Speaking to reporters at the Kabul Airport, Abdullah said the Taliban must realize the raging war and advances on districts would lead them nowhere, and they need to capitalize on this chance for a political settlement in the country. “There is still a chance for peace despite the ongoing heavy fighting between the government forces and the Taliban in various parts of the country,” said chairman of the High Council for National Reconciliation.

Earlier, former President Hamid Karzai called this delegation comprising key politicians, including former Vice President Mohammad Karim Khalili, Ata Mohammad Noor, head of the splinter faction of Jamiat-e-Islami, chief negotiator Masoom Stanekzai, Salam Rahimi, Fatima Gailani, and State Minister for Peace Affairs Sadat Mansoor Naderi, a strong team with decision-making power.

Read more: Taliban warning: India should remain unbiased in the Afghan issue

Karzai last week called on the Afghan government and the Taliban to prioritize peace talks over bloodshed in the country. Addressing a news conference at his residence, Karzai also hinted at the resumption of stalled talks between the two sides.

Also last week, the top US peace broker, Zalmay Khalilzad, began his shuttle diplomacy tour of Qatar, Uzbekistan, and Pakistan amid ensuing violence across Afghanistan. In a series of tweets, an Afghanistan-born seasoned US diplomat said he was returning to Doha and the region to continue “determined diplomacy” in pursuit of a peace agreement between the Islamic Republic of Afghanistan and the Taliban.

Since US President Joe Biden announced an exit plan from Afghanistan in May, the Taliban have captured over 150 districts in the war-weary country.

The intra-Afghan peace talks in Doha are part of the US-Taliban peace deal inked in February 2020, but both the Afghan government and the Taliban have been blaming each other for the lack of progress on the negotiation table.

Peace conference in Islamabad postponed

Meanwhile, Pakistan on Friday postponed a scheduled Afghan peace conference in capital Islamabad over the weekend.

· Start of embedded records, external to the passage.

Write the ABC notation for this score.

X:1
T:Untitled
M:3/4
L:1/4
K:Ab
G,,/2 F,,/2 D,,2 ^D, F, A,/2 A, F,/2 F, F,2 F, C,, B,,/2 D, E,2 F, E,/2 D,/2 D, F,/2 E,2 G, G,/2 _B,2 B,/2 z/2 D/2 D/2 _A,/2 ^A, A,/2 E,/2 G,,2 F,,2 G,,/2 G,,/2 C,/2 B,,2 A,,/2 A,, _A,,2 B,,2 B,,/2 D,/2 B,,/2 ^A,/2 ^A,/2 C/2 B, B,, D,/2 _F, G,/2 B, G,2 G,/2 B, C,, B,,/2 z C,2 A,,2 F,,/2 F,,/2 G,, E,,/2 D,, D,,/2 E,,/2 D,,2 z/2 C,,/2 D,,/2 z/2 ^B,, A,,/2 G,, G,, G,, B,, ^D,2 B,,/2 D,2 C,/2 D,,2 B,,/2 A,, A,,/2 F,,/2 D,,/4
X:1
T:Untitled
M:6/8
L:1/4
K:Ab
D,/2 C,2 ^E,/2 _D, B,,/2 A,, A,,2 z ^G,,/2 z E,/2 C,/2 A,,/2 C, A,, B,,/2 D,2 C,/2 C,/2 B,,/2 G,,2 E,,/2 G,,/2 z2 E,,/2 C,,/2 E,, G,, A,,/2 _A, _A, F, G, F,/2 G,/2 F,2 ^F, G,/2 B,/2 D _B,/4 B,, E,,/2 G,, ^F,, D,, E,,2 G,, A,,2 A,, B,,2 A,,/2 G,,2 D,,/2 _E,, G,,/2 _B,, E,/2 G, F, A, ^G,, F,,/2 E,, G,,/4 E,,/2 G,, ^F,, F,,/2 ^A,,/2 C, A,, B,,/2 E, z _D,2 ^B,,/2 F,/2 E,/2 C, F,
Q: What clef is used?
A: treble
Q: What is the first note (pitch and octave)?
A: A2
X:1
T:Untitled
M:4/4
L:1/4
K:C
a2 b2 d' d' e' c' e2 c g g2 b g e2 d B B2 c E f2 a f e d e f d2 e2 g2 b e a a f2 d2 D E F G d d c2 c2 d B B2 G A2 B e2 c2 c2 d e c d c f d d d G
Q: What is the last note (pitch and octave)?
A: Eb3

The announcement came after Prime Minister Imran Khan and Afghan President Ashraf Ghani Friday met on the sidelines of “Central and South Asia 2021: Regional Connectivity: Challenges and Opportunities” conference, in Uzbekistan.

In a short statement, Pakistan’s Foreign Ministry said the Afghan peace conference scheduled to be held in Islamabad from July 17-19 has been postponed until after Eid al-Adha, a holy Muslim festival.

Read more: PM Khan hits back at Afghan President for blaming Pakistan’s negative role in Afghan Peace process

The new dates of the said conference will be announced later, the statement added.

On Thursday, Foreign Ministry spokesman Zahid Hafeez Chaudhri said the conference will provide a momentum to the ongoing efforts for peace in Afghanistan as a number of Afghan leaders have already confirmed their participation.

However, a senior official in the ministry said the conference has been delayed on the request of the Afghan president as he wanted to hold it after Eid.